#### [Try it]
When the line with "For work or" turns up below, begin repeating exactly, and carry on through the line with "If I wanted"; no pictures go into the copy.

#### [Data to process]

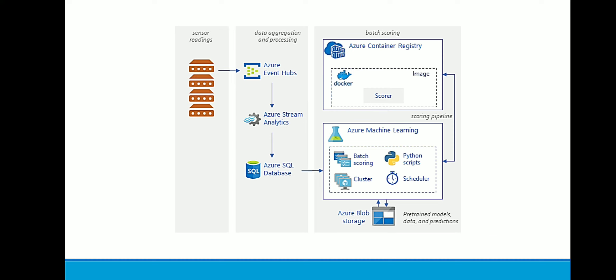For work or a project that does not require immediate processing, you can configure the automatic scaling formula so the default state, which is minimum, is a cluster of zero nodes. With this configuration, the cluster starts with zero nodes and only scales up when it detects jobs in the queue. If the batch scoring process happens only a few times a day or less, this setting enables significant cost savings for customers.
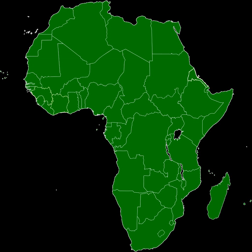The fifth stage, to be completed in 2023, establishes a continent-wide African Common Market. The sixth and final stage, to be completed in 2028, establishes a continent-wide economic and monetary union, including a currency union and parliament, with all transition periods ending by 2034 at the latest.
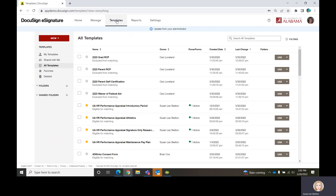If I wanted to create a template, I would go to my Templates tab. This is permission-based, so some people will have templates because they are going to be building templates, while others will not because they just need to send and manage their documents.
==
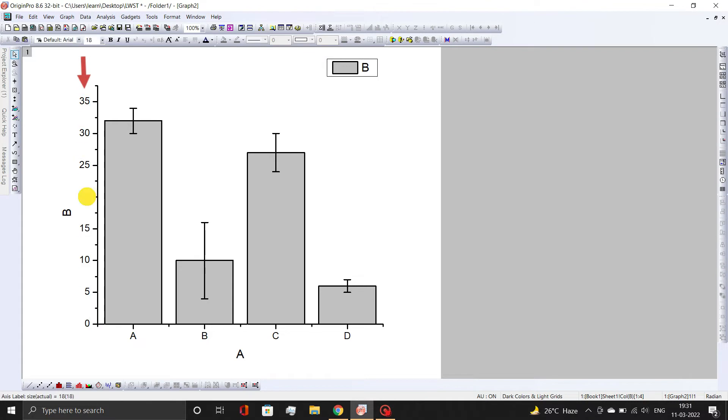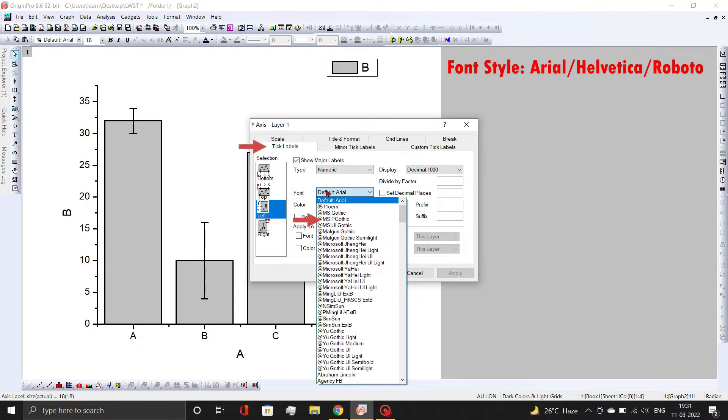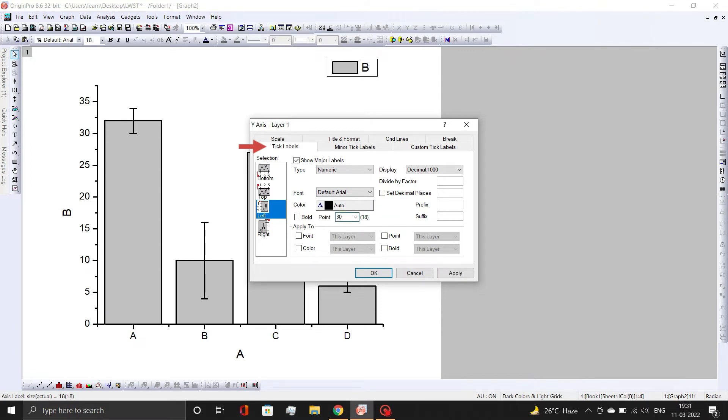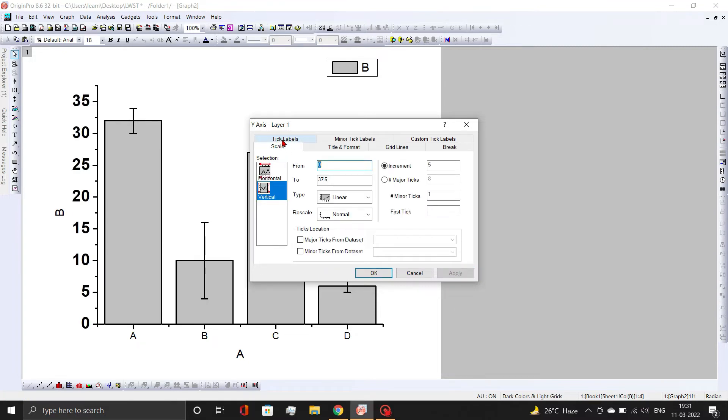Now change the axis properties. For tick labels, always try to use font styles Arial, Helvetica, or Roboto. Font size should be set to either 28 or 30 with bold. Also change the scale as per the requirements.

#### [Completed task]
For work or a project that does not require immediate processing, you can configure the automatic scaling formula so the default state, which is minimum, is a cluster of zero nodes. With this configuration, the cluster starts with zero nodes and only scales up when it detects jobs in the queue. If the batch scoring process happens only a few times a day or less, this setting enables significant cost savings for customers.
The fifth stage, to be completed in 2023, establishes a continent-wide African Common Market. The sixth and final stage, to be completed in 2028, establishes a continent-wide economic and monetary union, including a currency union and parliament, with all transition periods ending by 2034 at the latest.
If I wanted to create a template, I would go to my Templates tab. This is permission-based, so some people will have templates because they are going to be building templates, while others will not because they just need to send and manage their documents.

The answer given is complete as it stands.